>>

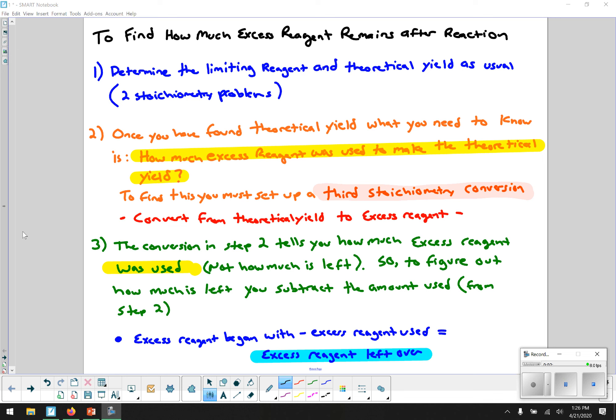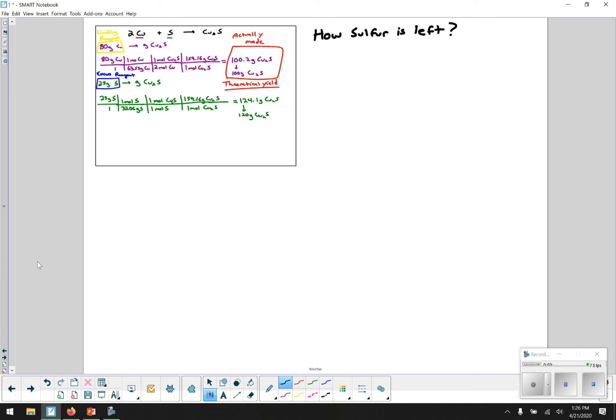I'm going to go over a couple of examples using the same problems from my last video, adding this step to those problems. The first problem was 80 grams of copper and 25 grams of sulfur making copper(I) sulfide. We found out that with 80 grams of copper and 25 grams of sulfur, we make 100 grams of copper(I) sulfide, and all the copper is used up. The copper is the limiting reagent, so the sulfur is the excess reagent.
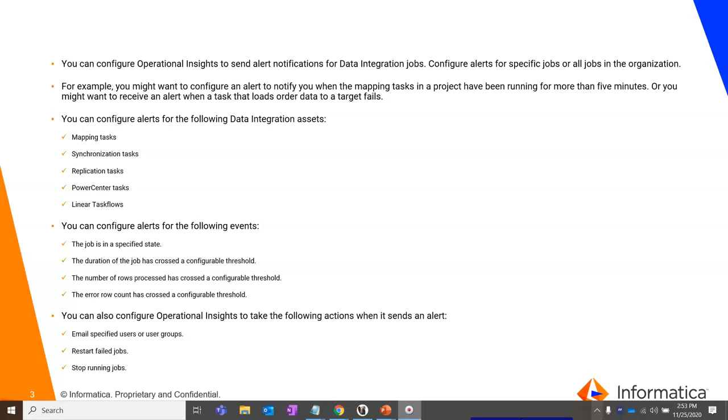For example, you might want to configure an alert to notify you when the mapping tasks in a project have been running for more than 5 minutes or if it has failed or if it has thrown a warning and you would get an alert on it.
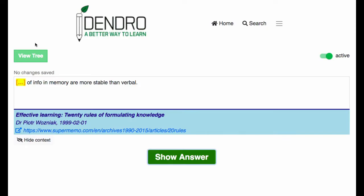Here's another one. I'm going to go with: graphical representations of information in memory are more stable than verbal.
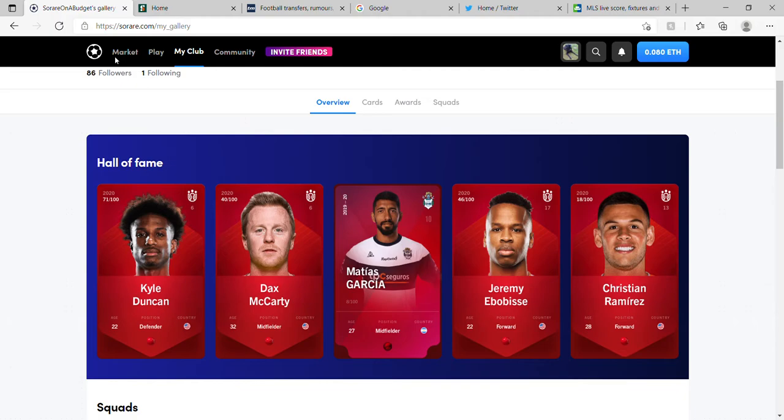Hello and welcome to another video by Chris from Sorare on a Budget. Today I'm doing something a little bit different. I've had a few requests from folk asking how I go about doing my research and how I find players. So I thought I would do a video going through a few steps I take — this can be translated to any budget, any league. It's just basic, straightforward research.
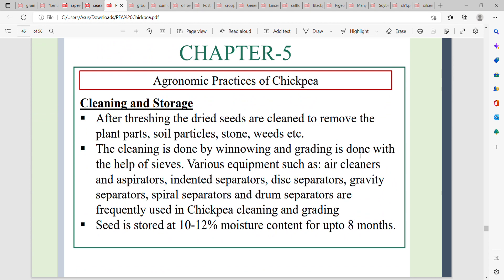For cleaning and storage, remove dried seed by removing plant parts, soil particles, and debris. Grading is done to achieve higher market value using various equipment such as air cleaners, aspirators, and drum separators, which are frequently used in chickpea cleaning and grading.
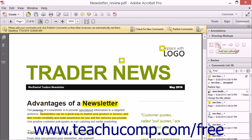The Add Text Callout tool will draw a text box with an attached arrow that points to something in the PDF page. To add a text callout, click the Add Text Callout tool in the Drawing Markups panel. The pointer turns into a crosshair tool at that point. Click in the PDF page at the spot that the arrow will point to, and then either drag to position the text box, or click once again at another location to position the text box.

<<
>>

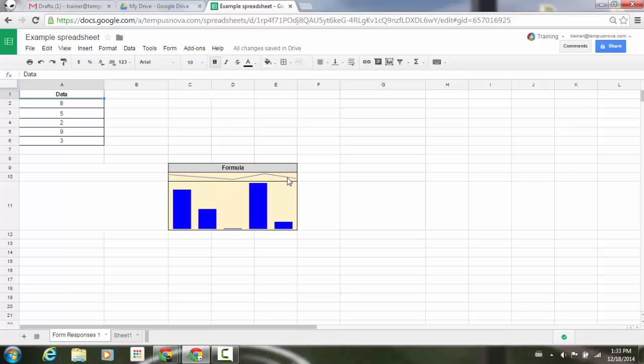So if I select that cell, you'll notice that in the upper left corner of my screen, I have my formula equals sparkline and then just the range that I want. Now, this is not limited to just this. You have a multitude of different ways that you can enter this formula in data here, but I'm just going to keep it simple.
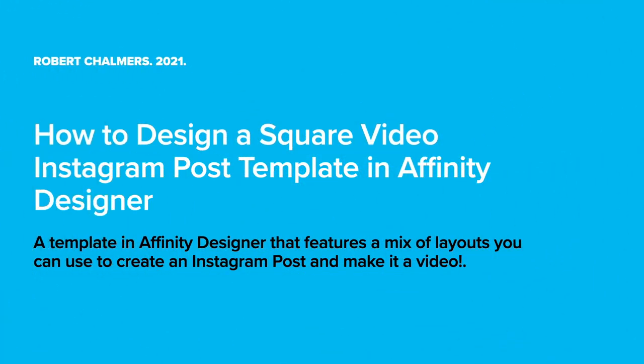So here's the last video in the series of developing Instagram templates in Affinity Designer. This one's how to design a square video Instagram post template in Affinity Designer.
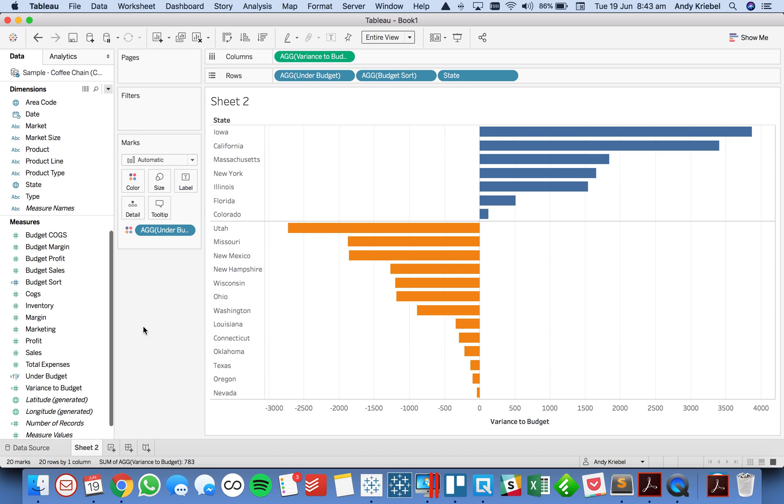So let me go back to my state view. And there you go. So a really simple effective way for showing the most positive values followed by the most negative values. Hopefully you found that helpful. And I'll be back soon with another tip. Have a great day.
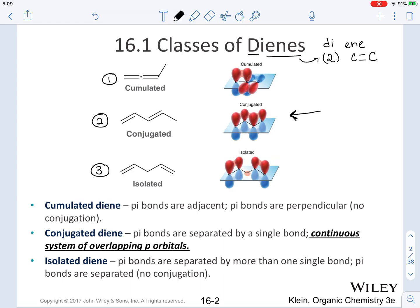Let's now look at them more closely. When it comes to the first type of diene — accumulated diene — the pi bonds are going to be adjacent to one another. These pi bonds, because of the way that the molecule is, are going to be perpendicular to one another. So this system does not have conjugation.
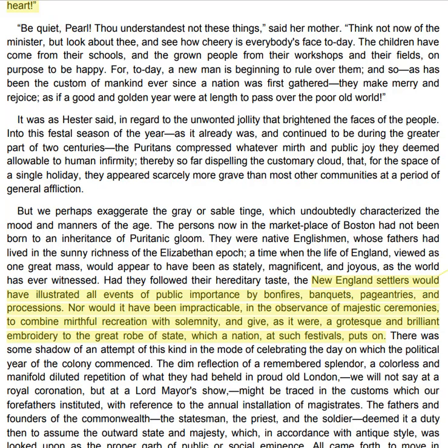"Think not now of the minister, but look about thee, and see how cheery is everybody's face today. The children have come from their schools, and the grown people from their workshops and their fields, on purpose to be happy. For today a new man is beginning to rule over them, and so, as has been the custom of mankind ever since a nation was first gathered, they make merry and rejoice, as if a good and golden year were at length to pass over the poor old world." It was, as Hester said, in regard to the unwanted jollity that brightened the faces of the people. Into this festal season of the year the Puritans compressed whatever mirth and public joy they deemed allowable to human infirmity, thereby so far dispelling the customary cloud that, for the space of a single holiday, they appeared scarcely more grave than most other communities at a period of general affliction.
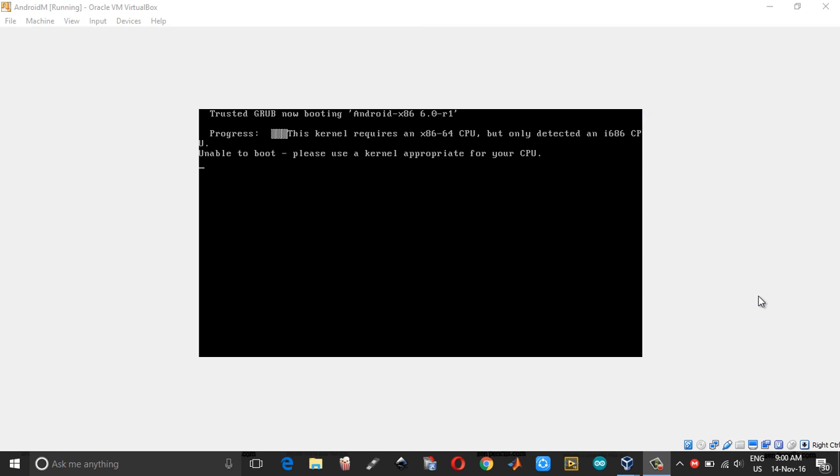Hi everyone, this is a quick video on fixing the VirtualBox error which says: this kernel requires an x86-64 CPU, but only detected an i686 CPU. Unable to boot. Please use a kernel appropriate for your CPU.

<<
>>

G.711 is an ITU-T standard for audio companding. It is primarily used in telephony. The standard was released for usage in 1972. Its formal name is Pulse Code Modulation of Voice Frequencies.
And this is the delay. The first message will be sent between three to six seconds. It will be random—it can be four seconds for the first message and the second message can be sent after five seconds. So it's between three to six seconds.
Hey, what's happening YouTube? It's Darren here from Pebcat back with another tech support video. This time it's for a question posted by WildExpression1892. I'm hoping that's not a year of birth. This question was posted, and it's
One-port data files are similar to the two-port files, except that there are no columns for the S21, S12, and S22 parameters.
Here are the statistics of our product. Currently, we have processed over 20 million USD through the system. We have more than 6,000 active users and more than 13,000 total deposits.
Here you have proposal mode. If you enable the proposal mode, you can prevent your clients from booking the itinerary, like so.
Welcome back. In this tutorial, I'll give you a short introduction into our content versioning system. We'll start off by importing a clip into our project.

<<

→ What you should do
Using the entries shown above, reproduce verbatim the lines from the line bearing "Hey, what's happening" to the line bearing "Welcome back. In", inclusive.

→ The completed task
Hey, what's happening YouTube? It's Darren here from Pebcat back with another tech support video. This time it's for a question posted by WildExpression1892. I'm hoping that's not a year of birth. This question was posted, and it's
One-port data files are similar to the two-port files, except that there are no columns for the S21, S12, and S22 parameters.
Here are the statistics of our product. Currently, we have processed over 20 million USD through the system. We have more than 6,000 active users and more than 13,000 total deposits.
Here you have proposal mode. If you enable the proposal mode, you can prevent your clients from booking the itinerary, like so.
Welcome back. In this tutorial, I'll give you a short introduction into our content versioning system. We'll start off by importing a clip into our project.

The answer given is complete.